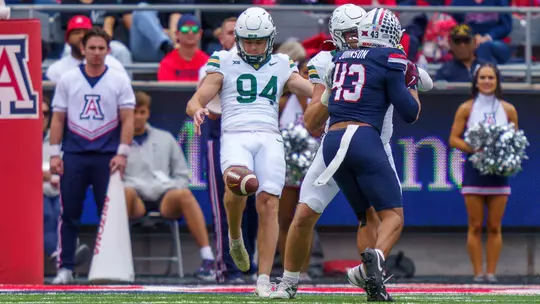 Palmer Williams punts against Arizona 2025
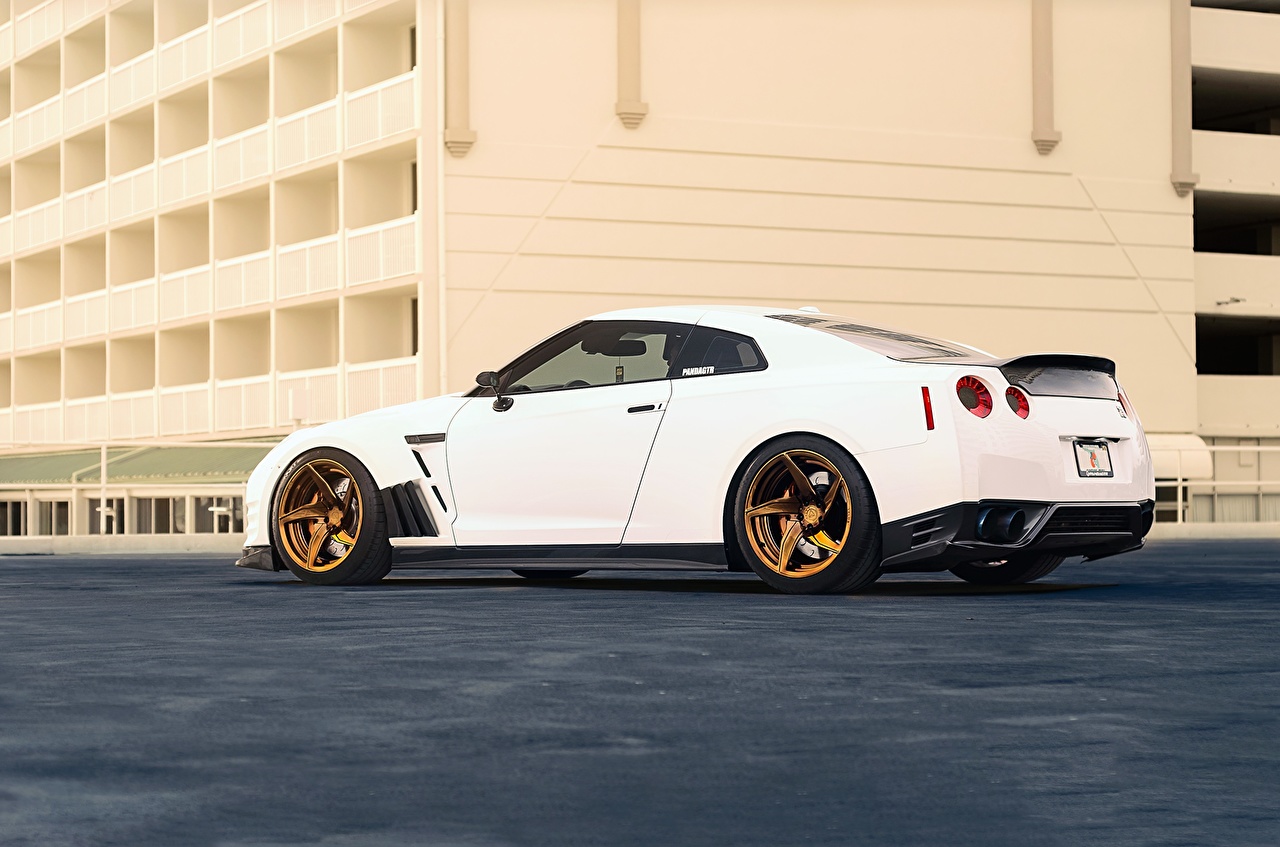 Wallpaper Nissan GT R R35 White Side Cars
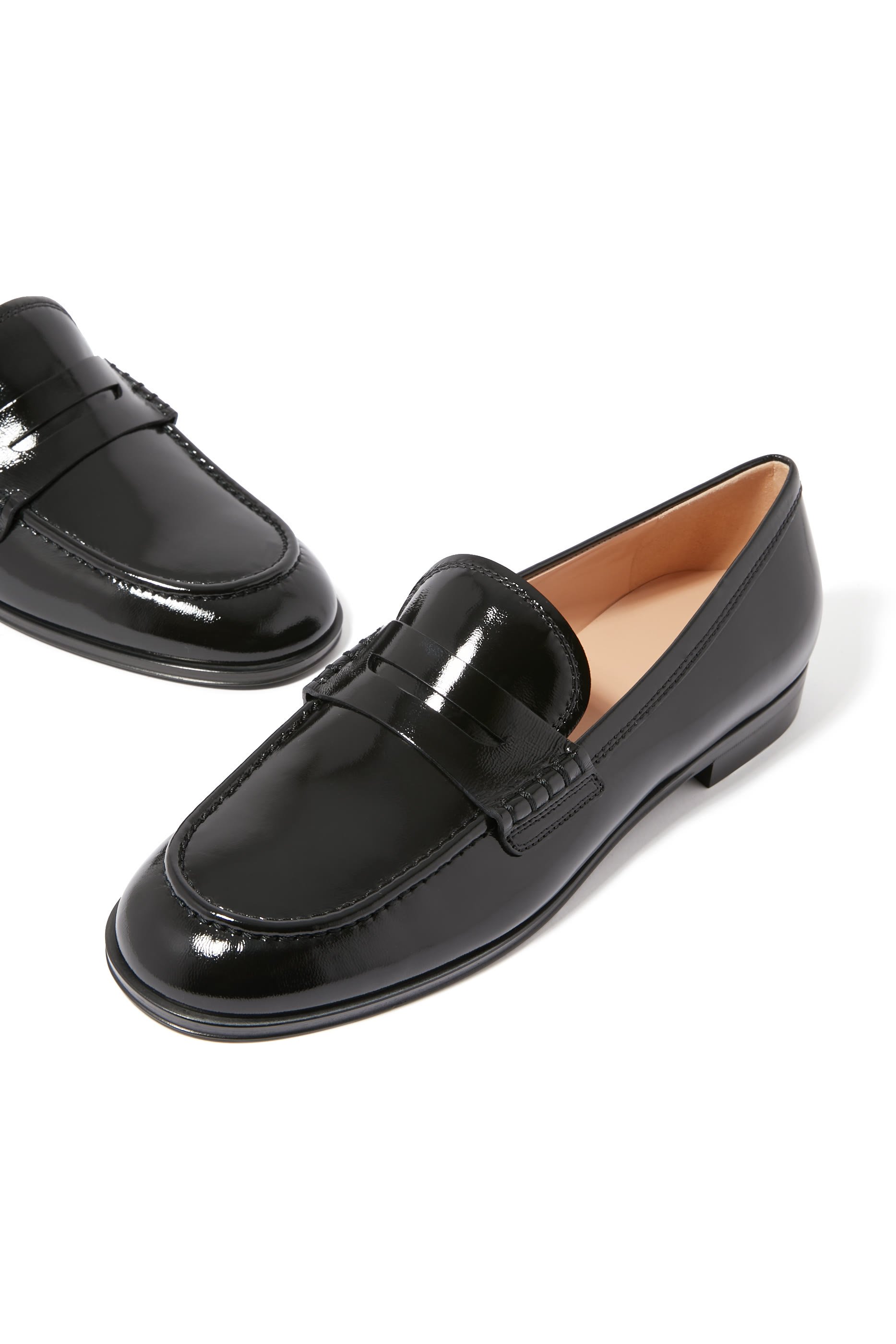 حذاء جورجي نوي 15 سهل الارتداء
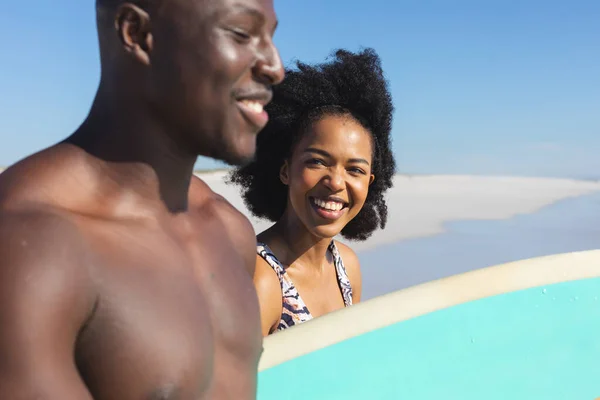 Glad Passar Afrikanskt Amerikanskt Par Som Bär Surfbräda Leende Solig — Stockfoto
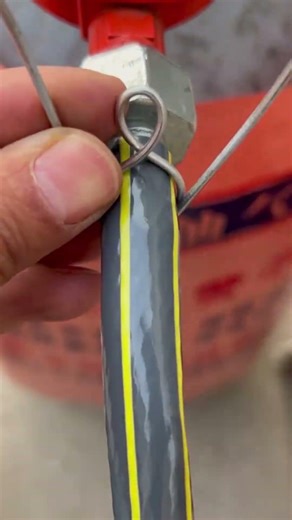 ​DIY Gas Hose Clamp Hack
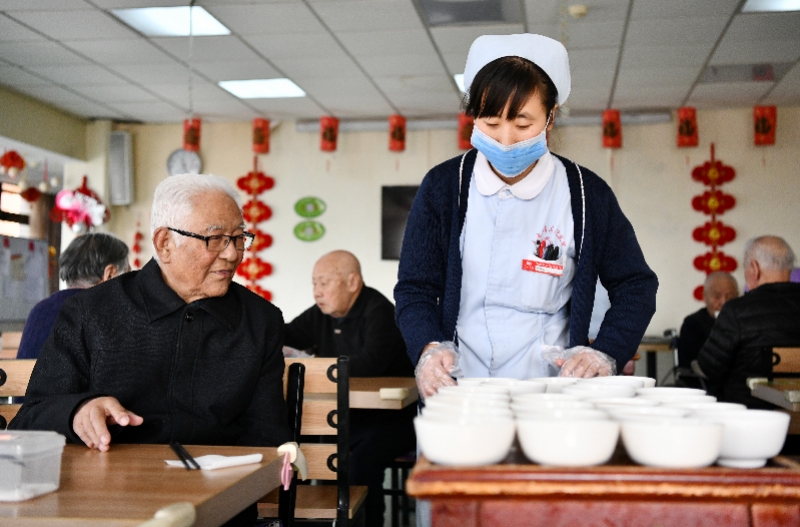 社保降費不會造成養(yǎng)老金支付風險，退休職工社保待遇不受影響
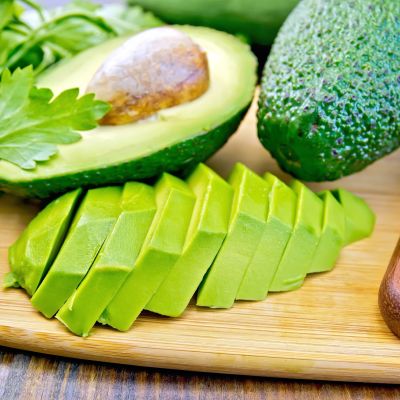 Τα σκληρά αβοκάντο θα ωριμάσουν σε 24 ώρες όταν αποθηκεύονται δίπλα σε αυτά τα δύο φρούτα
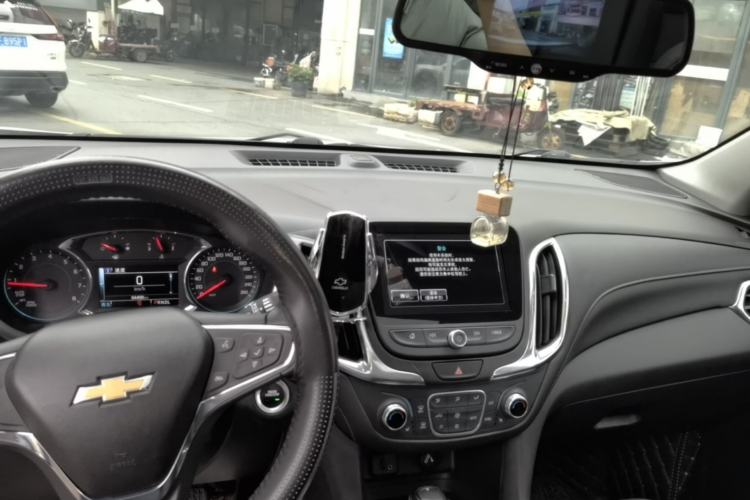 Used Chevrolet Equinox 2018 535T Automatic YuJie Edition Center Console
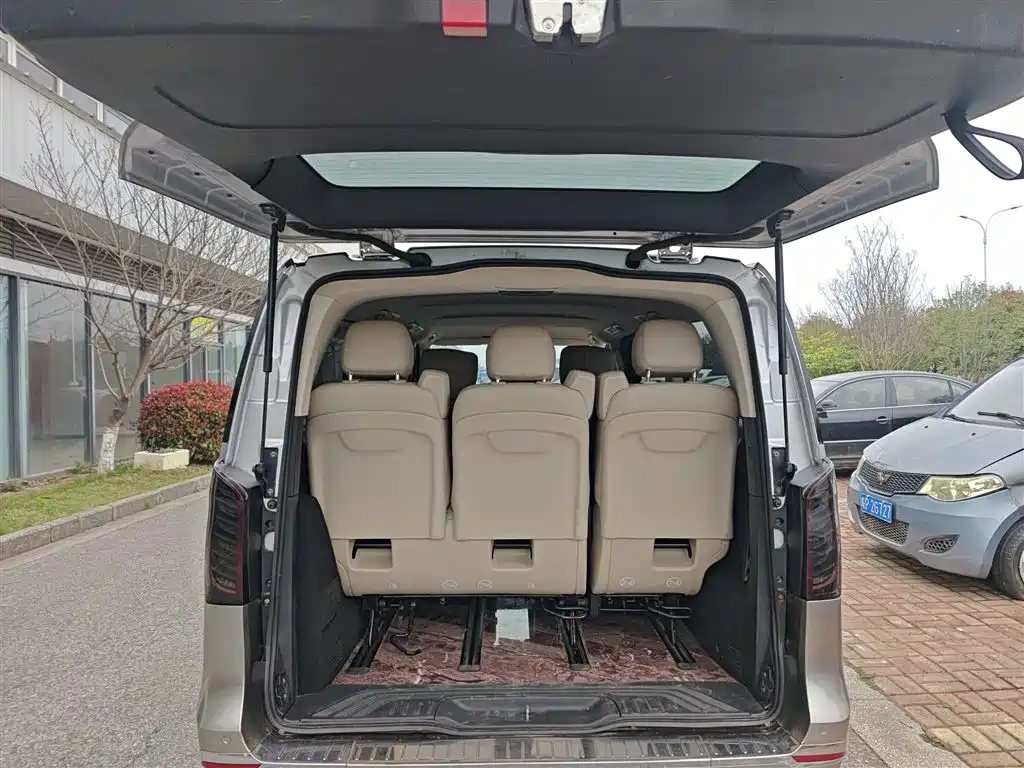 Vito 2021 2.0T Business Edition 7 seats купить на сайте DeffCars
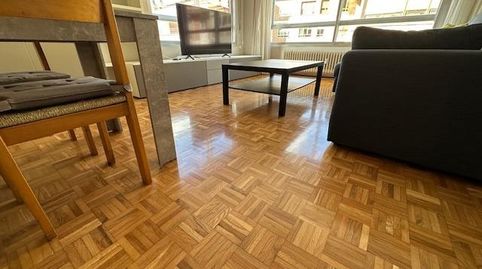 Foto 2 de Piso de alquiler en Los Vadillos - R. Sanitaria - Pozanos, Burgos Capital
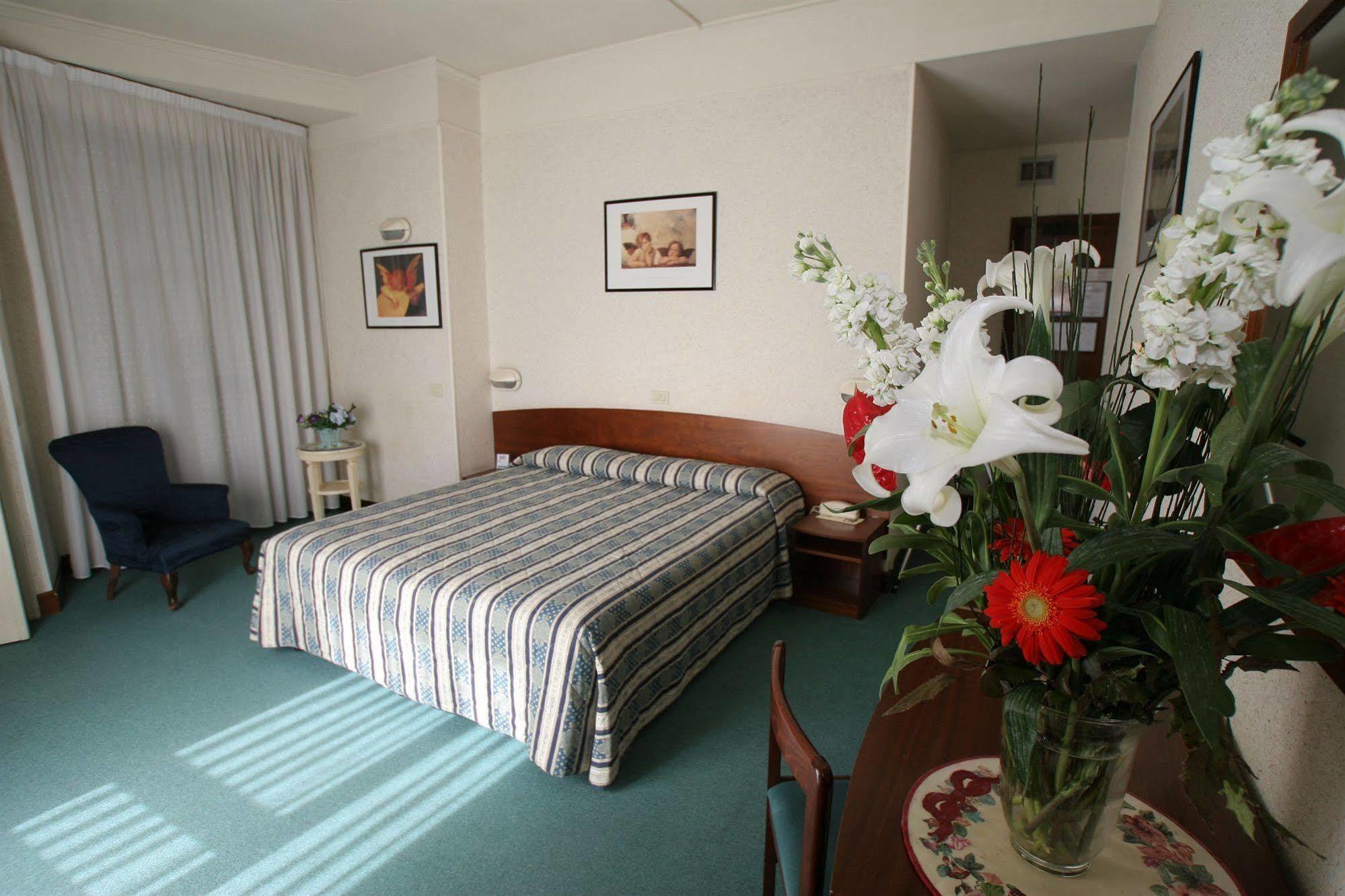 Columbus Urban Resort Florence Ngoại thất bức ảnh A room at the hotel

────────────────

Please repeat exactly the lines from the one containing "Used Chevrolet Equinox" through the end of the entries, both included, omitting pictures.

 Used Chevrolet Equinox 2018 535T Automatic YuJie Edition Center Console
 Vito 2021 2.0T Business Edition 7 seats купить на сайте DeffCars
 Foto 2 de Piso de alquiler en Los Vadillos - R. Sanitaria - Pozanos, Burgos Capital
 Columbus Urban Resort Florence Ngoại thất bức ảnh A room at the hotel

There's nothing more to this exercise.